Task directions:
Starting from the first line, transcribe the whole listing exactly.

::::::::

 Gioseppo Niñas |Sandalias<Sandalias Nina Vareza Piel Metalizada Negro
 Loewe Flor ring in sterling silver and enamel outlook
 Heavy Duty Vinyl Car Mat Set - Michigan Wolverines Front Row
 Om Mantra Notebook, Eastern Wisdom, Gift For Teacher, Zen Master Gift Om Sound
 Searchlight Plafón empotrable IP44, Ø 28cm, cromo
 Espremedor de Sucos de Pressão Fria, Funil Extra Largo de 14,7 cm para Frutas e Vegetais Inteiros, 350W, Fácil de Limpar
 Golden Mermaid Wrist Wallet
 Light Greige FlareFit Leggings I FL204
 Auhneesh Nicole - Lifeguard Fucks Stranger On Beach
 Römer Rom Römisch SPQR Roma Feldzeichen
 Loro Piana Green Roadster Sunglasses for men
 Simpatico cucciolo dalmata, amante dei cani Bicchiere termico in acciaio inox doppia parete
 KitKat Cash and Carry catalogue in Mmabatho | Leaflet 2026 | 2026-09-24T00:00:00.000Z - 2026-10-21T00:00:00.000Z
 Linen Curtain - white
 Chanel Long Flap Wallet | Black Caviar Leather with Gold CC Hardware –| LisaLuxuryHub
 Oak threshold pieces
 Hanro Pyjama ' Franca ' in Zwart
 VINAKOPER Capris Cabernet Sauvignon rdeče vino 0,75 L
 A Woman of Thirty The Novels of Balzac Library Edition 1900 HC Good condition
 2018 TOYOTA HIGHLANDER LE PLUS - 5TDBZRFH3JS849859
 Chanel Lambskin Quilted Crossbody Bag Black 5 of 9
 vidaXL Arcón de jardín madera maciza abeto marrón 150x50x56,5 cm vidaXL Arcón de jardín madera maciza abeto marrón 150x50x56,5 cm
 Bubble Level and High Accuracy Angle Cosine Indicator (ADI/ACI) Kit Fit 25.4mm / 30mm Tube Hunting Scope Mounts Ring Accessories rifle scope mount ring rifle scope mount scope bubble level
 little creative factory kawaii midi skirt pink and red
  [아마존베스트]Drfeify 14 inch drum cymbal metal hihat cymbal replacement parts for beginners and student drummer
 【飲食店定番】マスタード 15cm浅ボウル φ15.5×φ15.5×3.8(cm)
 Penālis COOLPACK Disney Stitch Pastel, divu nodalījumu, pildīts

::::::::

Response area:
 Gioseppo Niñas |Sandalias<Sandalias Nina Vareza Piel Metalizada Negro
 Loewe Flor ring in sterling silver and enamel outlook
 Heavy Duty Vinyl Car Mat Set - Michigan Wolverines Front Row
 Om Mantra Notebook, Eastern Wisdom, Gift For Teacher, Zen Master Gift Om Sound
 Searchlight Plafón empotrable IP44, Ø 28cm, cromo
 Espremedor de Sucos de Pressão Fria, Funil Extra Largo de 14,7 cm para Frutas e Vegetais Inteiros, 350W, Fácil de Limpar
 Golden Mermaid Wrist Wallet
 Light Greige FlareFit Leggings I FL204
 Auhneesh Nicole - Lifeguard Fucks Stranger On Beach
 Römer Rom Römisch SPQR Roma Feldzeichen
 Loro Piana Green Roadster Sunglasses for men
 Simpatico cucciolo dalmata, amante dei cani Bicchiere termico in acciaio inox doppia parete
 KitKat Cash and Carry catalogue in Mmabatho | Leaflet 2026 | 2026-09-24T00:00:00.000Z - 2026-10-21T00:00:00.000Z
 Linen Curtain - white
 Chanel Long Flap Wallet | Black Caviar Leather with Gold CC Hardware –| LisaLuxuryHub
 Oak threshold pieces
 Hanro Pyjama ' Franca ' in Zwart
 VINAKOPER Capris Cabernet Sauvignon rdeče vino 0,75 L
 A Woman of Thirty The Novels of Balzac Library Edition 1900 HC Good condition
 2018 TOYOTA HIGHLANDER LE PLUS - 5TDBZRFH3JS849859
 Chanel Lambskin Quilted Crossbody Bag Black 5 of 9
 vidaXL Arcón de jardín madera maciza abeto marrón 150x50x56,5 cm vidaXL Arcón de jardín madera maciza abeto marrón 150x50x56,5 cm
 Bubble Level and High Accuracy Angle Cosine Indicator (ADI/ACI) Kit Fit 25.4mm / 30mm Tube Hunting Scope Mounts Ring Accessories rifle scope mount ring rifle scope mount scope bubble level
 little creative factory kawaii midi skirt pink and red
  [아마존베스트]Drfeify 14 inch drum cymbal metal hihat cymbal replacement parts for beginners and student drummer
 【飲食店定番】マスタード 15cm浅ボウル φ15.5×φ15.5×3.8(cm)
 Penālis COOLPACK Disney Stitch Pastel, divu nodalījumu, pildīts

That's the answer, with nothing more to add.